**Supplied data:**
::::

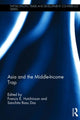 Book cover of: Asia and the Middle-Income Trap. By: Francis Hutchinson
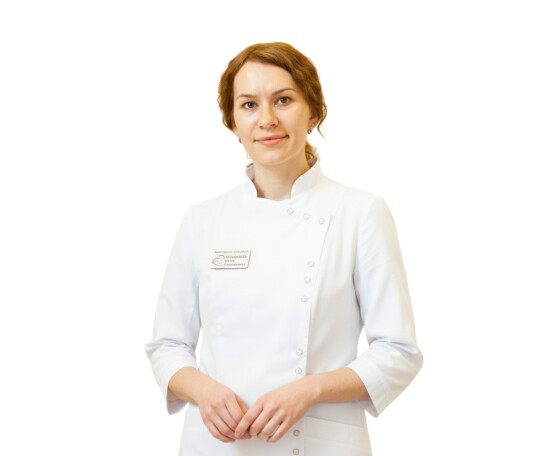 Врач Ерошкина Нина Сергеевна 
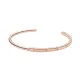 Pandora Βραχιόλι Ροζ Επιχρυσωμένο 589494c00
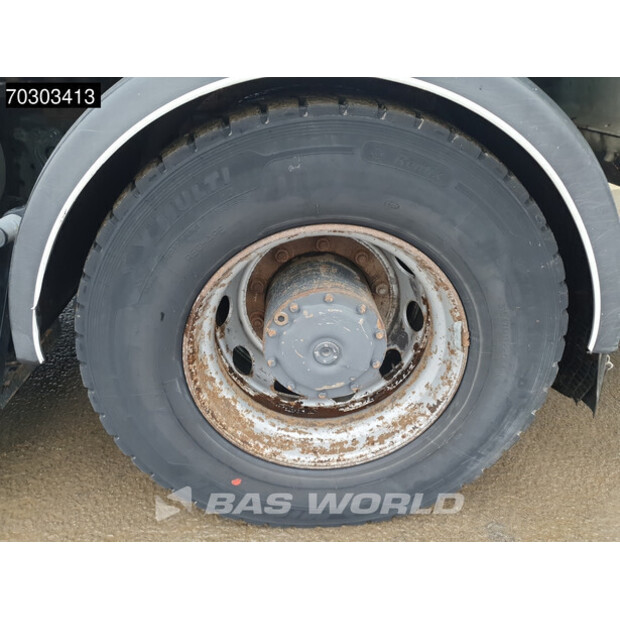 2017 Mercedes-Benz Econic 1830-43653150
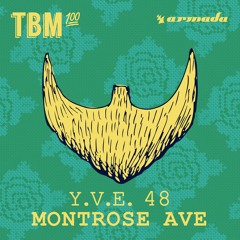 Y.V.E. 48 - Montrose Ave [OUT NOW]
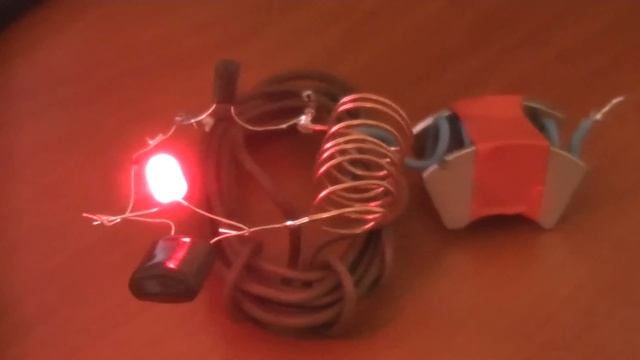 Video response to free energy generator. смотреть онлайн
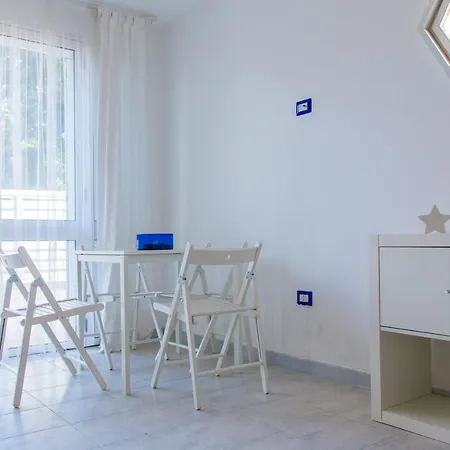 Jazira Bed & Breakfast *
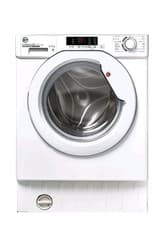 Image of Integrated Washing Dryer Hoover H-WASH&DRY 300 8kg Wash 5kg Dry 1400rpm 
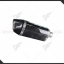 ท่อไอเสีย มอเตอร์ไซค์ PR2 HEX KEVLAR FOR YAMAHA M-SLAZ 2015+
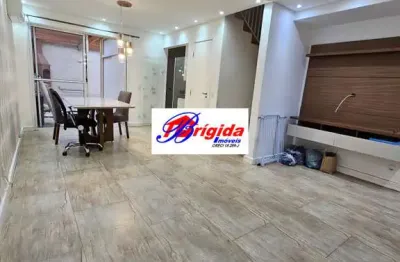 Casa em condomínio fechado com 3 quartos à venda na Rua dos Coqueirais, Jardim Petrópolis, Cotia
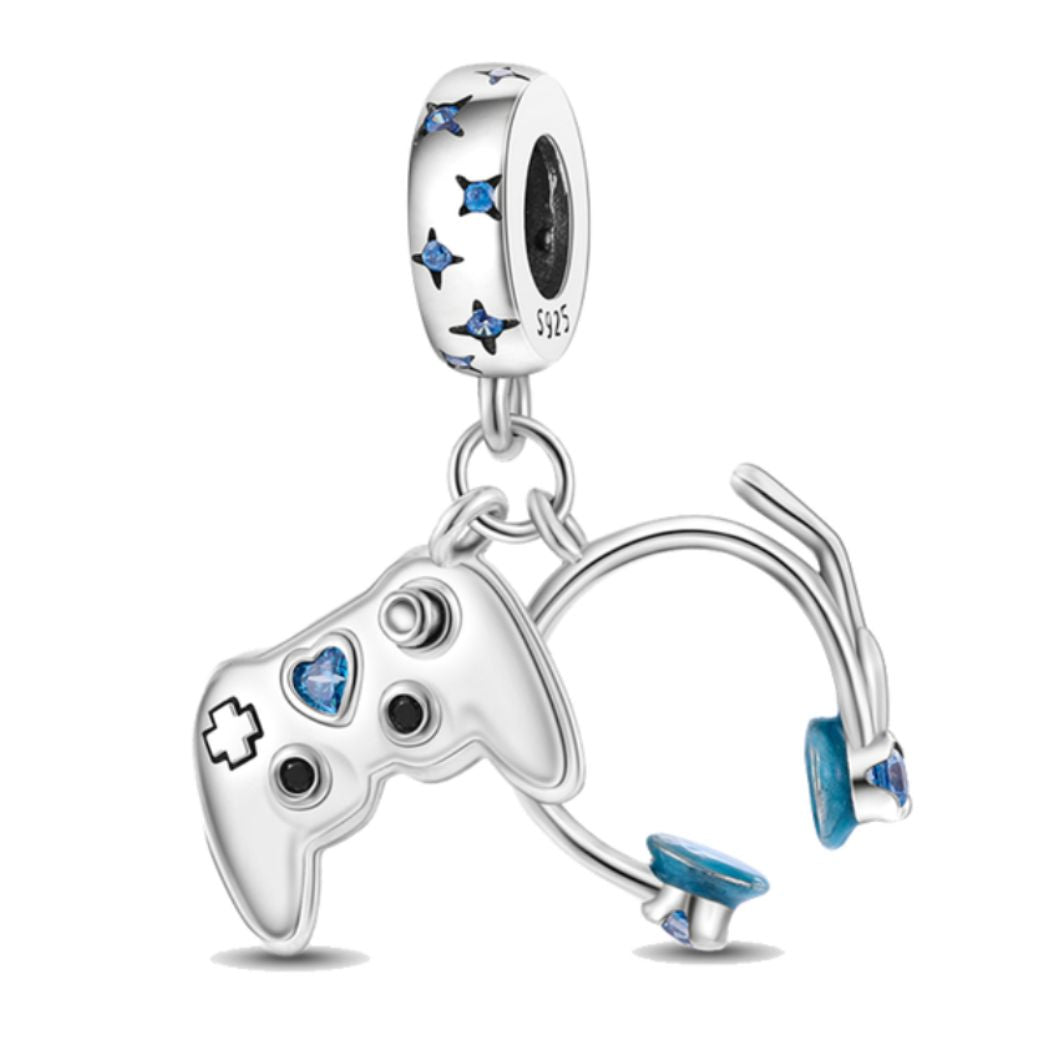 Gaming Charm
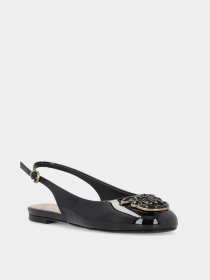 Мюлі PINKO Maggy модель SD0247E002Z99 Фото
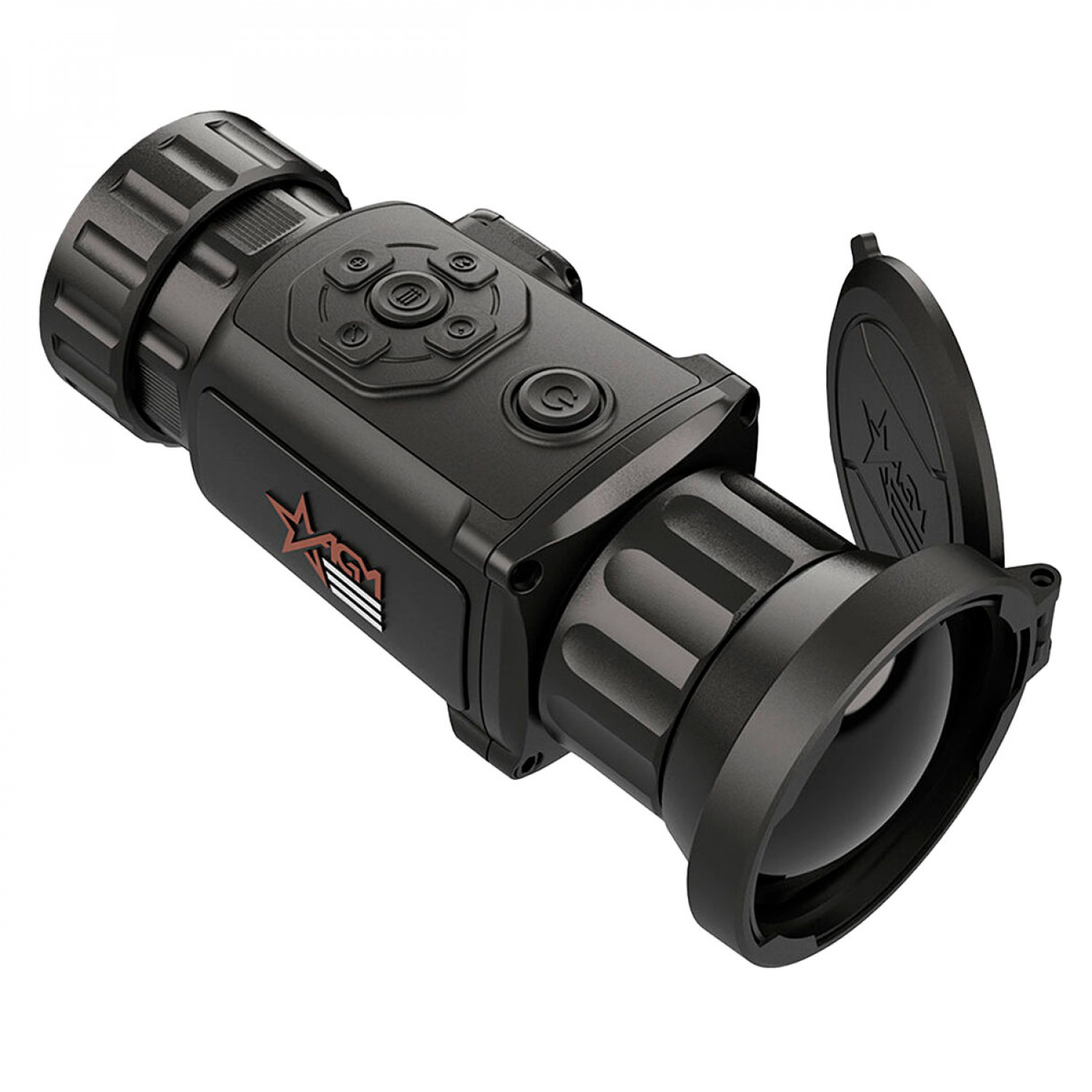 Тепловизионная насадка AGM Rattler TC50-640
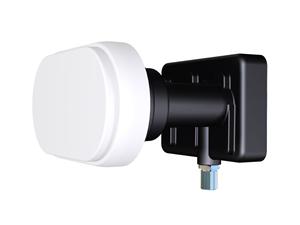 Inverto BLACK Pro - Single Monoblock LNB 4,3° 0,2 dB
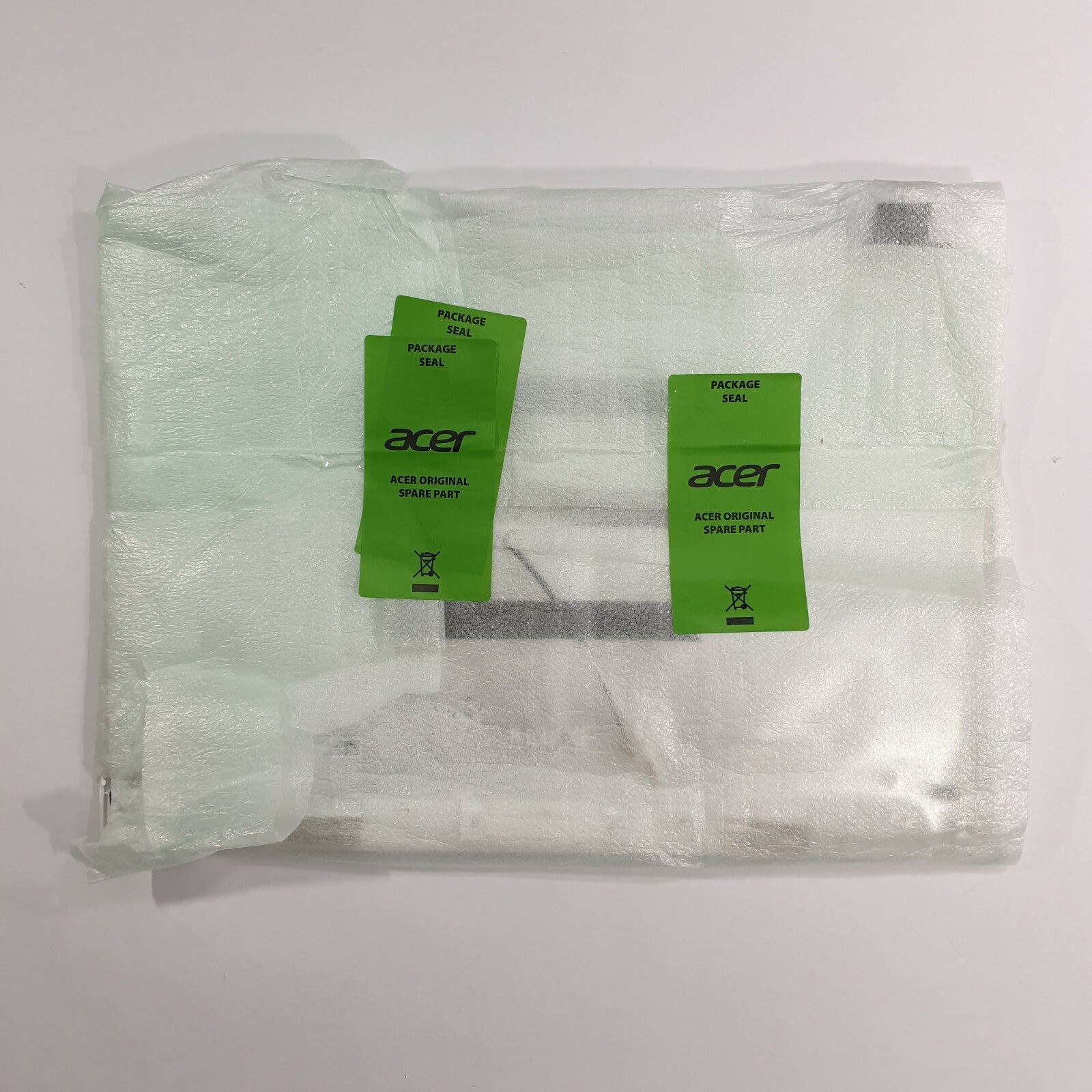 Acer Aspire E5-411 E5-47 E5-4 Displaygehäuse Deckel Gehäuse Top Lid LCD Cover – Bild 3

::::

**What to do:**
Extract, verbatim and alone, the lines from the line that contains "Gaming Charm" to the last line of the records, inclusive; drop any picture.

**Task output:**
 Gaming Charm
 Мюлі PINKO Maggy модель SD0247E002Z99 Фото
 Тепловизионная насадка AGM Rattler TC50-640
 Inverto BLACK Pro - Single Monoblock LNB 4,3° 0,2 dB
 Acer Aspire E5-411 E5-47 E5-4 Displaygehäuse Deckel Gehäuse Top Lid LCD Cover – Bild 3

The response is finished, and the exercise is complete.